T Cell Immunosenescence in Aging, Obesity, and Cardiovascular Disease

Abstract

Although advances in preventive medicine have greatly improved prognosis, cardiovascular disease (CVD) remains the leading cause of death worldwide. This clearly indicates that there remain residual cardiovascular risks that have not been targeted by conventional therapies. The results of multiple animal studies and clinical trials clearly indicate that inflammation is the most important residual risk and a potential target for CVD prevention. The immune cell network is intricately regulated to maintain homeostasis. Ageing associated changes to the immune system occurs in both innate and adaptive immune cells, however T cells are most susceptible to this process. T-cell changes due to thymic degeneration and homeostatic proliferation, metabolic abnormalities, telomere length shortening, and epigenetic changes associated with aging and obesity may not only reduce normal immune function, but also induce inflammatory tendencies, a process referred to as immunosenescence. Since the disruption of biological homeostasis by T cell immunosenescence is closely related to the development and progression of CVD via inflammation, senescent T cells are attracting attention as a new therapeutic target. In this review, we discuss the relationship between CVD and T cell immunosenescence associated with aging and obesity.

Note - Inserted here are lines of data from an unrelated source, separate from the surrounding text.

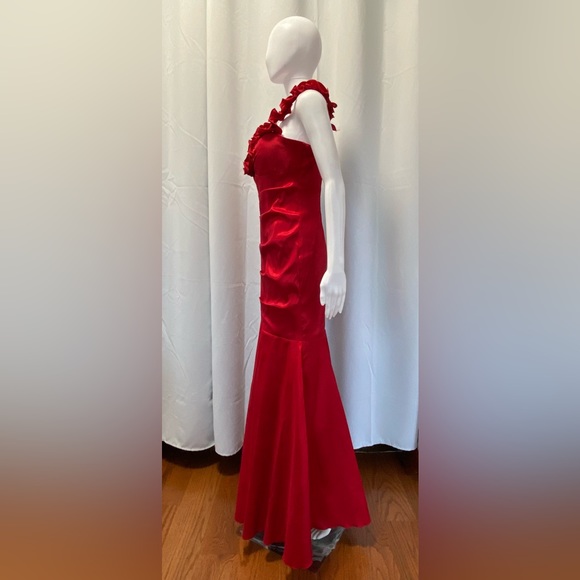 Nina Ferre Women’s Evening Gown - Picture 4 of 14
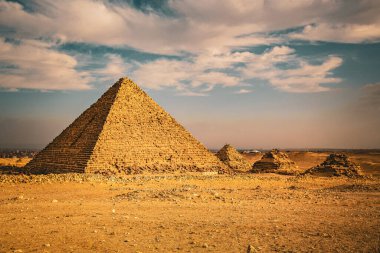Giza Piramitleri, Kahire, Mısır 'da muhteşem gün batımı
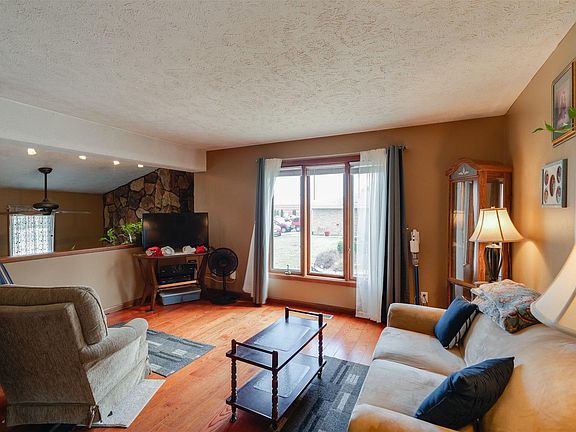 4th image of 3017 Carlene Dr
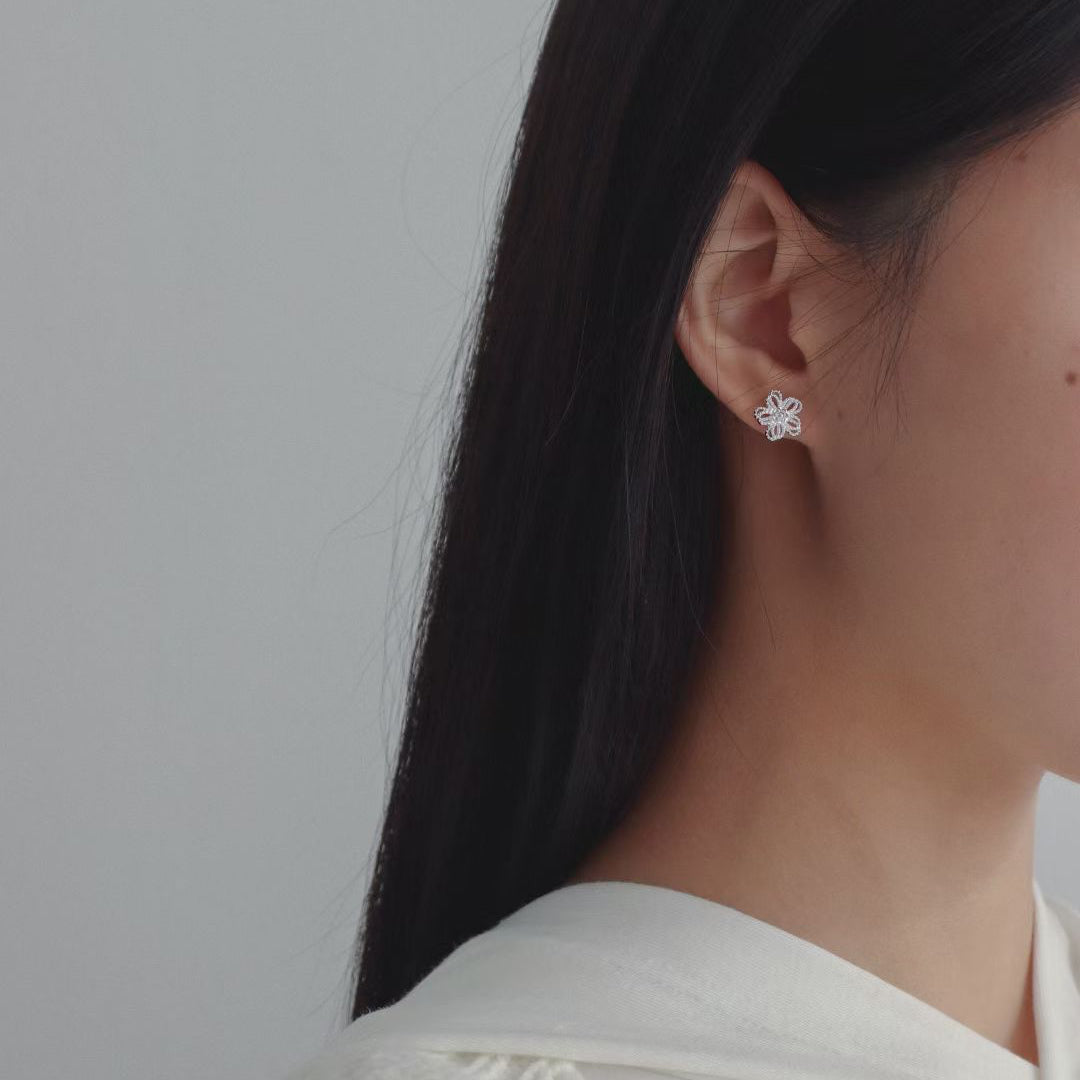 Double Petal Hollow Earrings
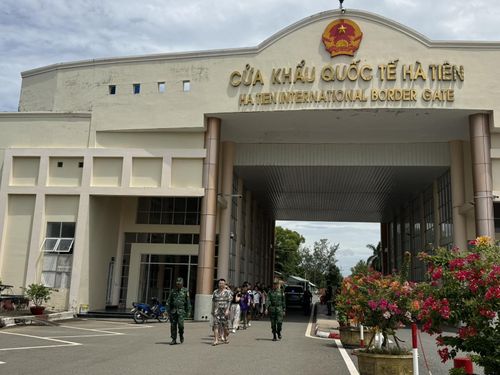  15 công dân Việt Nam được trở về từ cửa khẩu quốc tế Hà Tiên 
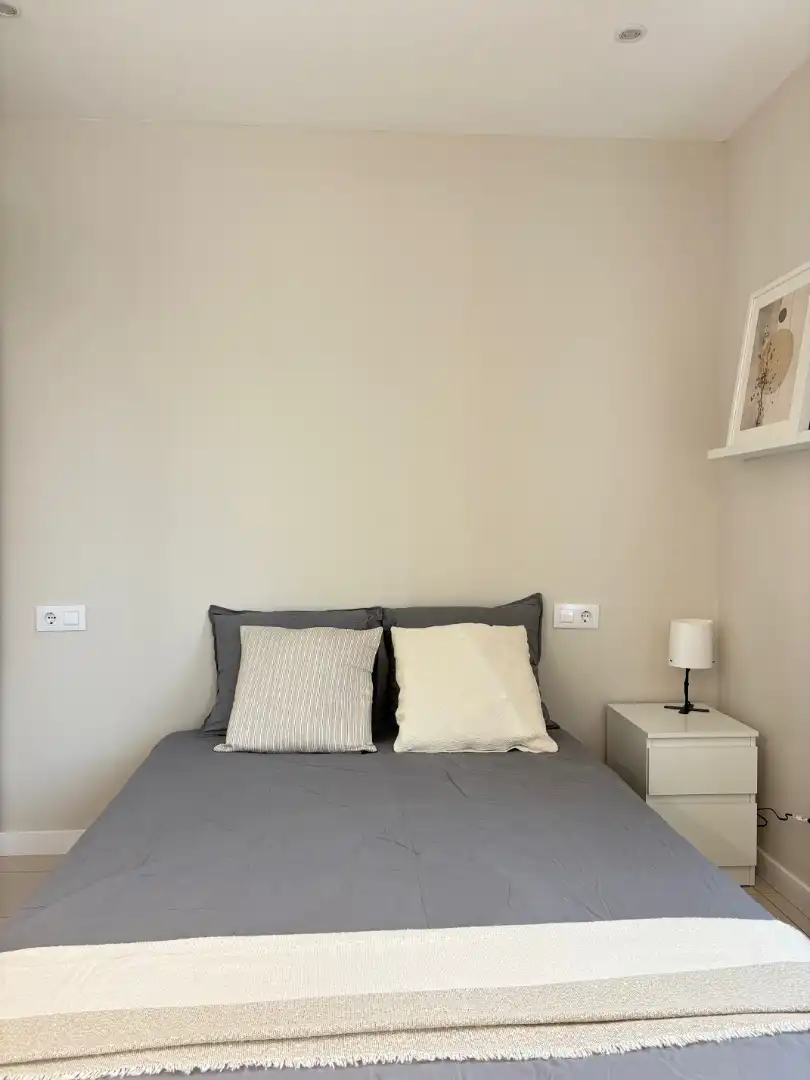 Habitación de Estudio de alquiler en Arnedo con Aire acondicionado, Calefacción y Amueblado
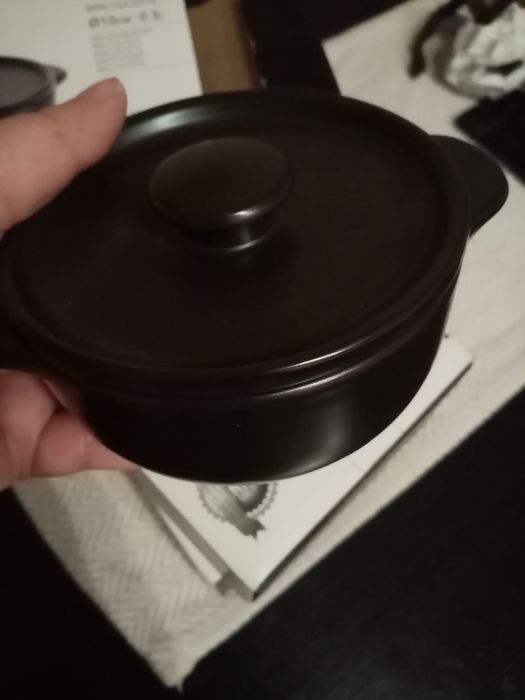 Conjunto de 4 mini cocotte, cor preto da Kitchen Aid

Keywords: T cell; cardiovascular disease; immunosenescence; obesity.

Figure 1

T cell senescence during obesity. Obesity leads to the skewing of the T cell subset from naïve to memory phenotypes, accelerates thymic involution, and restricts TCR diversity. Obesity-induced reduction of thymic output leads to extensive homeostatic proliferation of peripheral T cells, which may contribute to T cell senescence. VAT T cells show a senescent phenotype, including telomere length shortening, restricted TCR diversity, and production of proinflammatory cytokines.

Figure 2

CVD pathogenesis from the perspective of immunosenescence. Proinflammatory senescent T cells recognize specific antigens, undergo clonal expansion, and infiltrate unstable coronary plaques. IFN-γ-producing T cells accumulate in the heart-draining lymph nodes of aged mice, which infiltrate the myocardium and cardiac fibrosis. Chronic viral infections, such as those by cytomegalovirus, may contribute to the development of T cell senescence. Visceral obesity accelerates T cell senescence. Senescent T cells may contribute to the pathogenesis of CVD.